In seinem eigenen Institut untersucht Schmidt unter anderem die
Wirkungsweise des Bakteriums Escherichia coli im menschlichen Darm. Die
ins Visier genommenen E. coli schütten keines der bekannten
"klassischen" Toxine aus, sondern injizieren so genannte
Effektor-Proteine, die die Signalübertragung der Zellen durcheinander
bringen und dadurch Erkrankungen verursachen. Im Verlauf der Infektion
werden einerseits die Verbindungen zwischen den Zellen gelöst,
andererseits die Absorption von Nährstoffen erschwert, weil die dafür
zur Verfügung stehende Oberfläche reduziert wird. Das führt letztlich
zu Wasserverlust und Durchfall. "Das ist ein sehr komplexer Vorgang, an
dem sehr viele Proteine beteiligt sind", erklärt Schmidt. "Wir wollen
herausfinden, was die Proteine im Einzelnen verursachen und welches
ihre Interaktionspartner in der jeweiligen Zielzelle sind."

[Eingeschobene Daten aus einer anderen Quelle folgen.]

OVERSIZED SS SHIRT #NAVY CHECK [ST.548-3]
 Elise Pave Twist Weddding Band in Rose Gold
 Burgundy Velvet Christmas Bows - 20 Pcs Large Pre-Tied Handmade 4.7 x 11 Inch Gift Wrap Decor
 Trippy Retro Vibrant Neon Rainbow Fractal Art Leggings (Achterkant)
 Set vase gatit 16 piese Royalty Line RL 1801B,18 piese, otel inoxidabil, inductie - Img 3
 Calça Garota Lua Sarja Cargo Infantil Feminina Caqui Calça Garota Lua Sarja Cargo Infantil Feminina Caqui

Ist klar, welche der zahlreichen Proteine zur Pathogenese beitragen,
könnten beispielsweise vorbeugende Impfstoffe entwickelt werden.
Geklärt werden könnte auch, warum einige Personen erkranken, obwohl
viele Menschen diese bakteriellen Erreger am und im Körper tragen, ohne
dass sie krank werden.
Auch die Wechselwirkungen von E. coli mit den
Immunzellen des Darms hat Schmidt im Blick. Noch ist unbekannt, wie
bestimmte pathogene E. coli durch M-Zellen erkannt und mit Hilfe von
über die so genannten Peyerschen Plaques induzierten Abwehrreaktionen
unschädlich gemacht werden. "Bisher ist es nicht gelungen,
entsprechende Zelllinien zu kultivieren, mit denen wir im Labor
arbeiten könnten", berichtet Schmidt.
Schmidt ist hoffnungsvoll, dass es gelingt, viele der drängenden offenen Fragen zu beleuchten, hat die Deutsche Forschungsgemeinschaft durch die Bewilligung des Graduiertenkollegs doch die bundesweit einmalige Expertise Münsters bestätigt.